Priority inversion is when a high priority task is preempted by a medium/low priority task. As a result the priority of the tasks at hand are inverted. This is considered a major issue in computer science. In fact, NASA's Jet Propulsion Laboratory lost their Mars Pathfinder Rover due to this bug. To better understand this issue, lets take a closer look at the Mars Pathfinder's scenario. Consider the following threads:
Lets take that T_Low is runnable and T_Med and T_High are waiting. T_Low locks a certain resource and afterwards T_High becomes runnable and locks the same resource. At this time, T_Med becomes runnable. T_High is now in a waiting state, since it is waiting on T_Low to unlock the resource it needs.
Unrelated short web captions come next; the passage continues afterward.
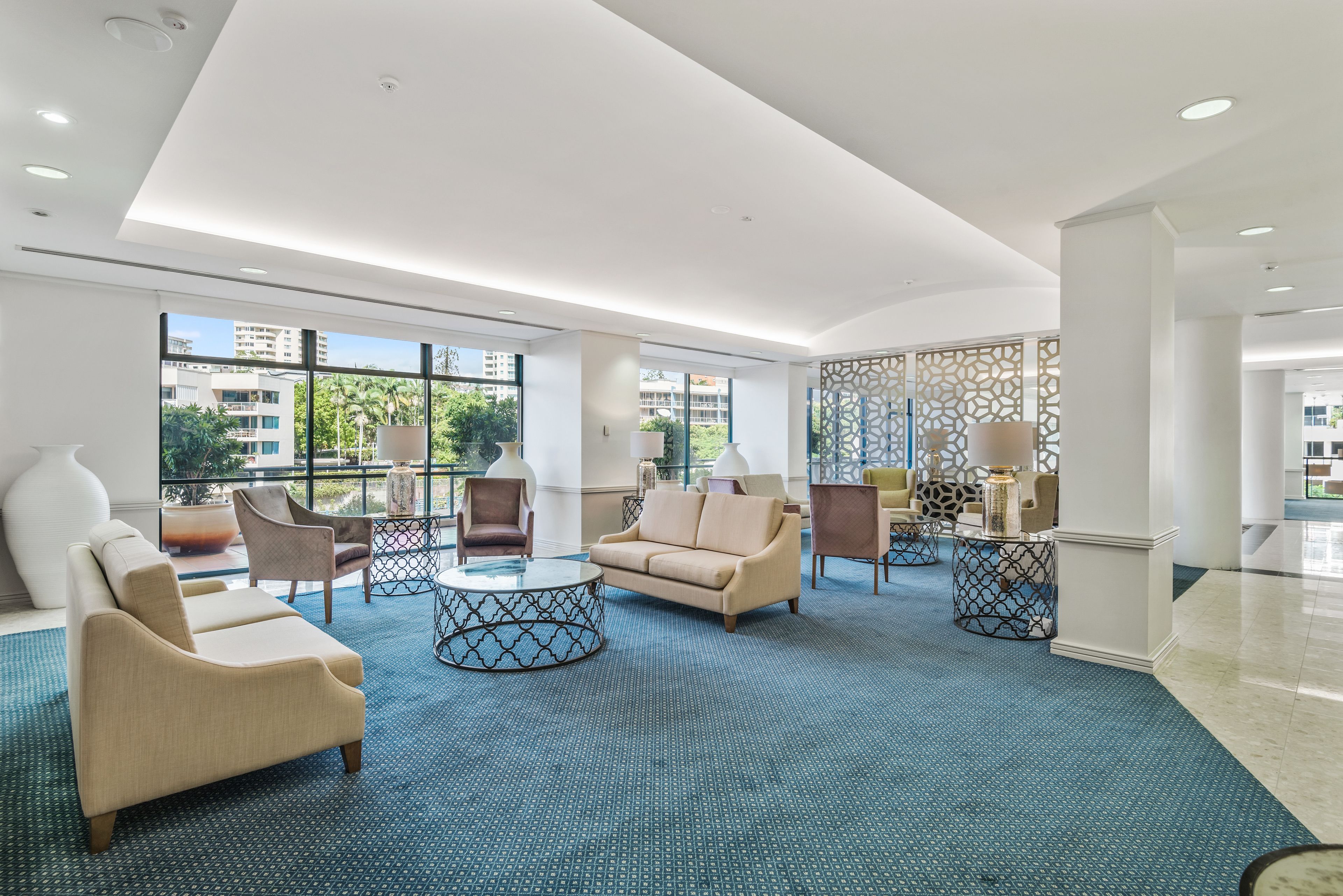A spacious lobby with a blue patterned carpet, beige sofas, and armchairs, large windows offering a view of buildings and greenery, and a decorative partition with a geometric pattern.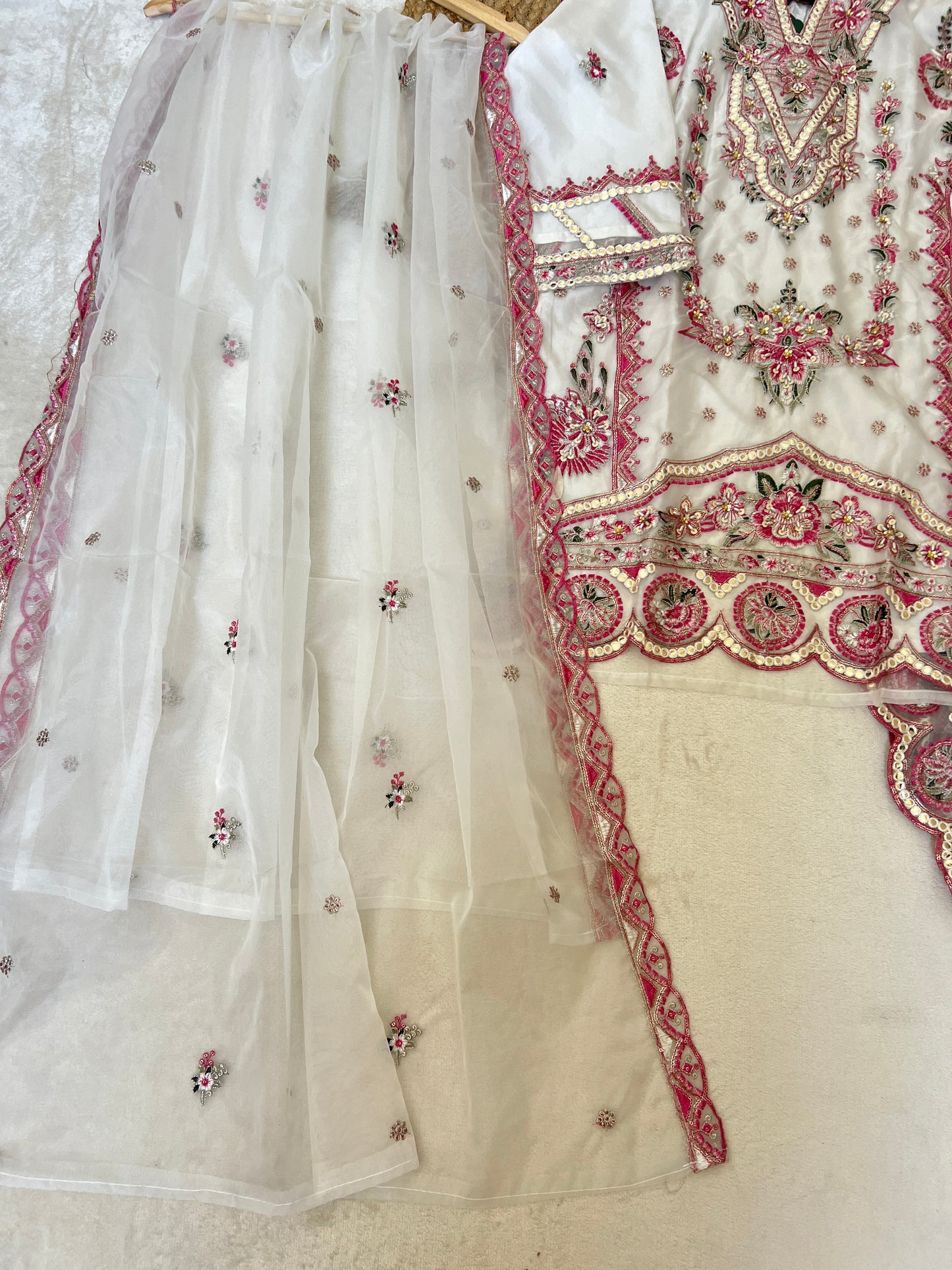 Premium suit set

Organza Material dress with full embroidery and sequins work CBRP2064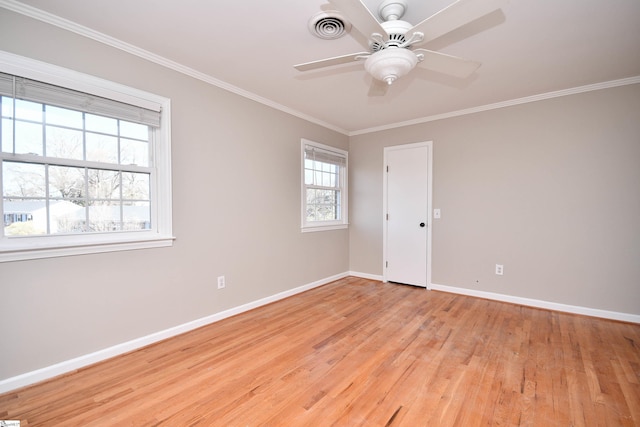 unfurnished room featuring light wood-style flooring, ornamental molding, baseboards, and visible vents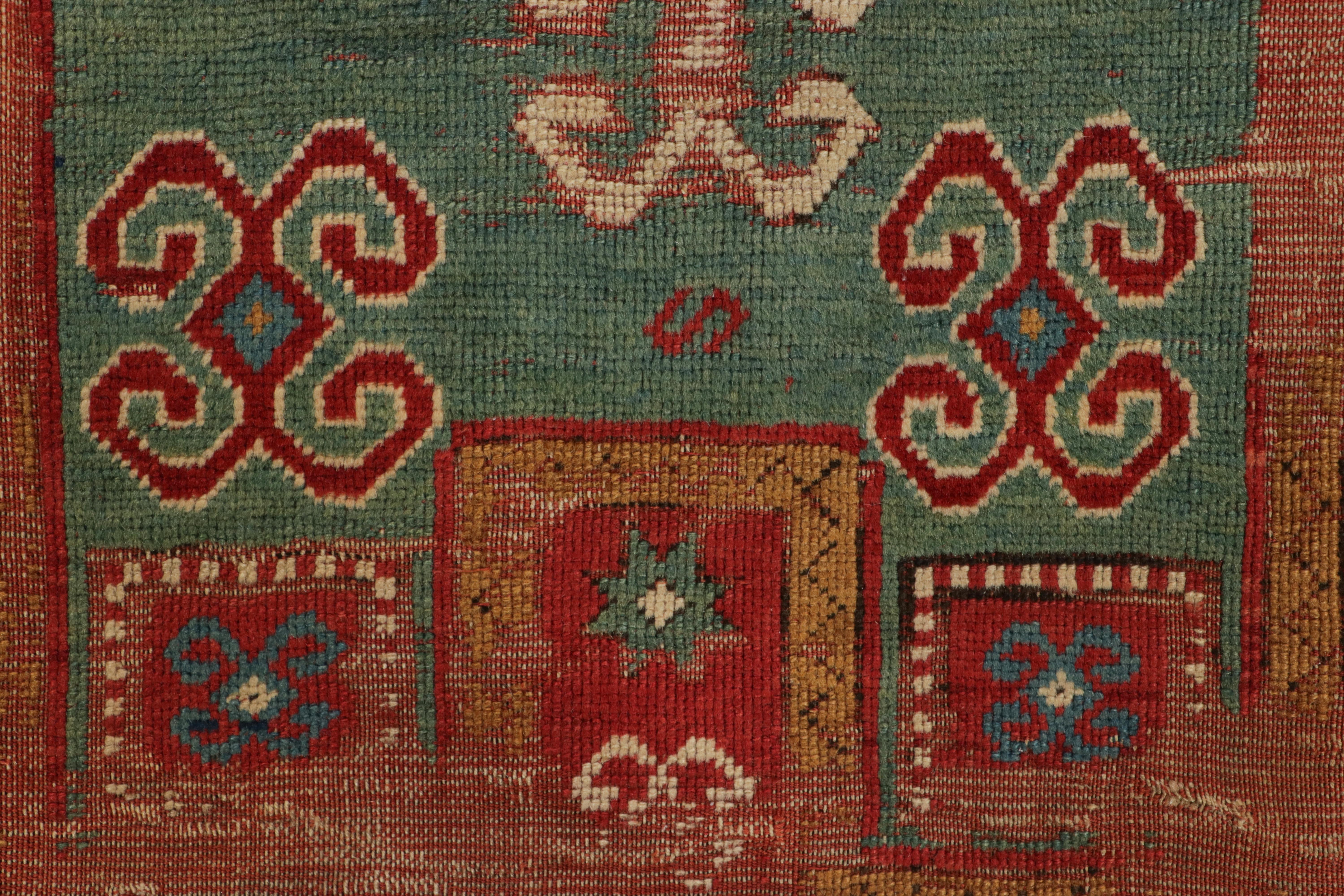 Russo Antico tappeto tribale Kazak, medaglione geometrico rosso e blu - Rug & Kilim in vendita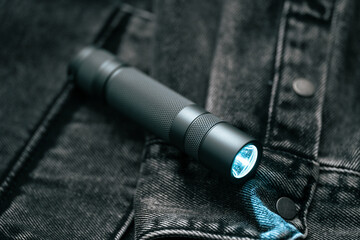 Pocket flashlight for Everyday Carry (EDC) on a dark background. Ray of light.	
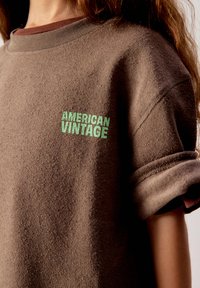 Persona che indossa una felpa marrone con texture, maniche arrotolate e testo verde "AMERICAN VINTAGE" sul petto.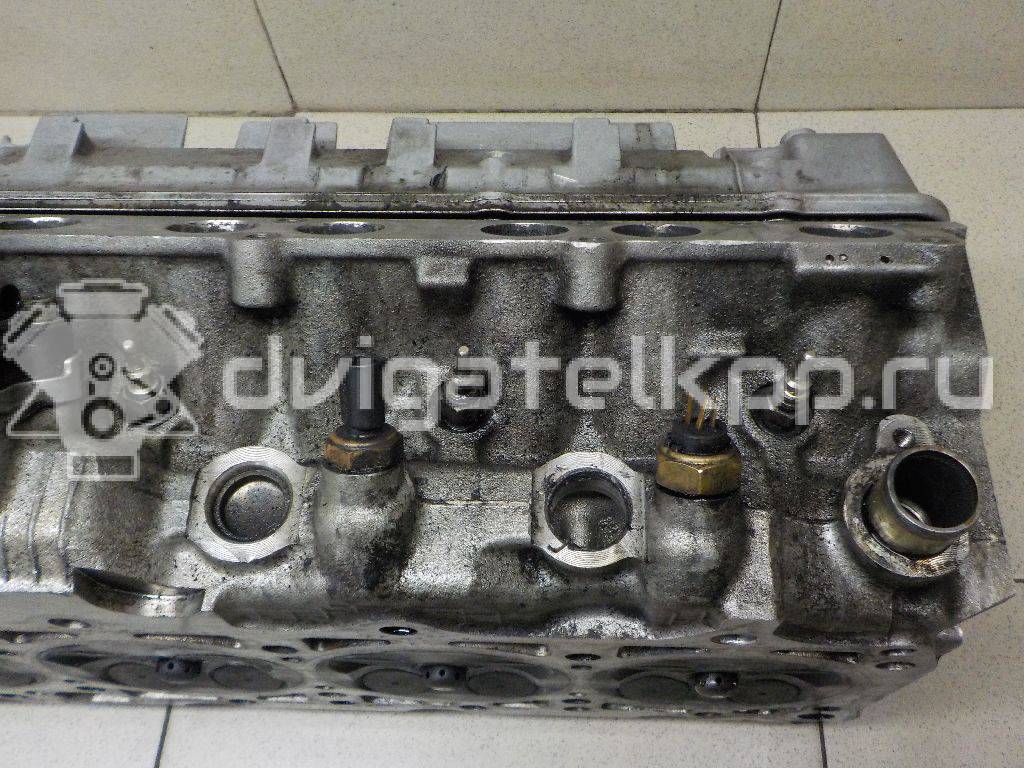 Фото Головка блока для двигателя OM 604.912 (OM 604 D22) для Mercedes-Benz E-Class 75-95 л.с 16V 2.2 л Дизельное топливо {forloop.counter}}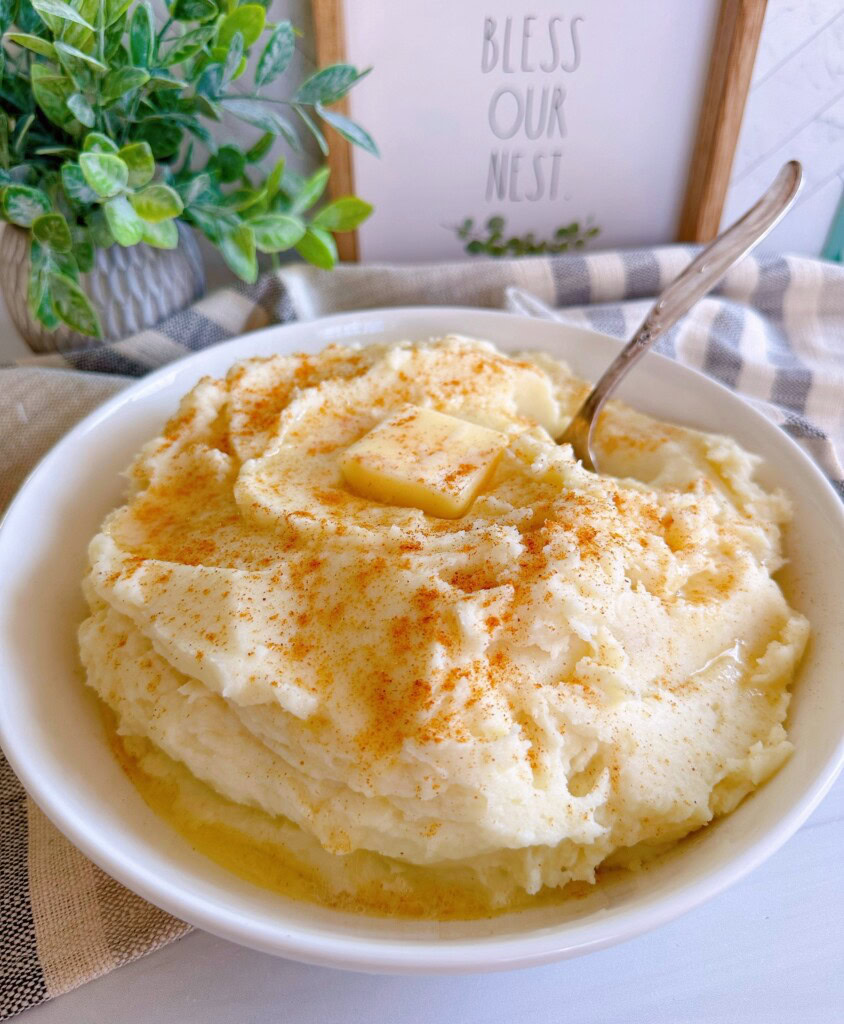 Homemade mashed potatoes in a large serving bowl with butter and a sprinkle of paprika.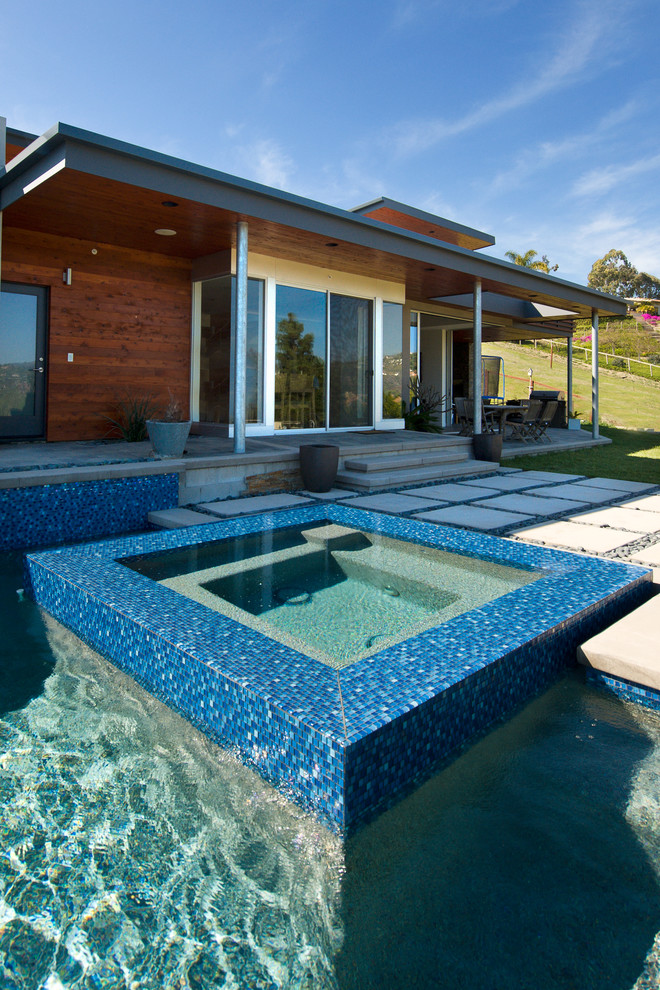 This is an example of a modern backyard custom-shaped pool in San Diego with a hot tub and tile.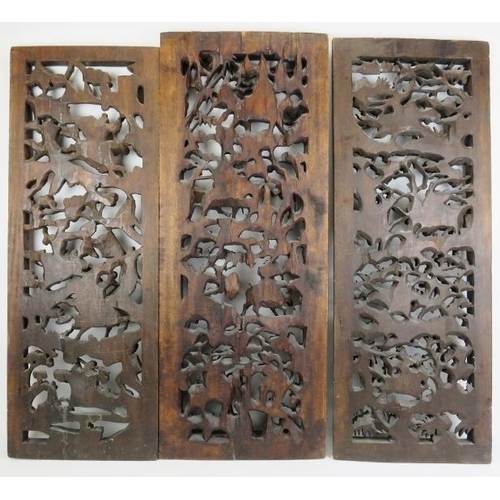 16 - Three Chinese carved wood panels, 20th century. Carved in openwork depicting scenes of warriors. (3 ... 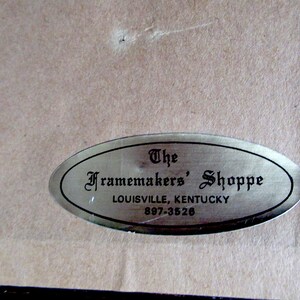 May include: A silver oval-shaped label with black text that reads "The Framemakers' Shoppe, Louisville, Kentucky, 897-3526".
T_Low will not be run since we have a higher priority thread that needs to be run (T_Med) and T_High will not be run since it is waiting on T_Low. Thus T_High will starve since T_Low will not be run until T_Med is finished with the tasks at hand, which is not guaranteed to happen. T_Med is running although we should be running T_Low so that our high priority thread, T_High can run. The priorities have been inverted and now the rover is unable to establish communication with Earth, since it is busy running T_Med code.
Priority Inversion
The issue of priority inversion can be resolved by giving lower threads priority when higher priority threads are waiting on them. In this case, if T_Low was temporarily given the priority of T_High (since T_High was waiting on T_Low), the rover would have been able to communicate with earth as it should.

Livelock

Livelock happens when execution is not blocked but very little process is made. Lets consider a server which has a maximum throughput of 10K Requests/sec. During very high load, we would expect the server to cap out at 10K Requests/sec, however in reality we see this is not the case. During loads over 10K Requests/sec, the server starts to perform terribly. This is because the server is spending CPU time just queueing requests and it never actually gets a chance to process the requests.
Livelock
To solve this problem, we have to look closely at how the server is working. When a packet is recieved, an interrupt occurs, lets say the interrupt handler does the following:
  1. Take in the bytes
  2. Put request in queue
  3. Tell server program to handle packet (new_packet();)
The livelock is due to the fact that we are spending too much time in the interrupt handler queueing tasks and less time actually handling the requests. Because ofs this, requests continue to pile on and the server is unable to get any work done. We can fix this by simply disabling the interrupt handler. This will result in packet/data loss but we will at least be able to process some of our requests, which is better than being stuck in a livelock.

Event-Driven Programming

There is a school of thought that believes using the concept of threads and locking simply results in buggy and slow code. This school of thought advocates event-driven programming. Event-driven programming can be thought of as the inverse of multithreading. All processes are single threaded, there is no parallelism with shared memory and instead of dividing a program into threads, it is divided into "callbacks". Each call finishes in a small amount of time and and after it is done, it calls the code in the callback function. An example of this would be if instead of
while((c=getchar() != EOF)) putchar(c)
we wrote something like this
aio_read(..., callback);
here another part of the program will handle the reading of the user's input and once done, the callback specified by the program will be called. In event-driven programming there is usually one main loop which consists of analyzing a queue of events and calling the appropriate handlers.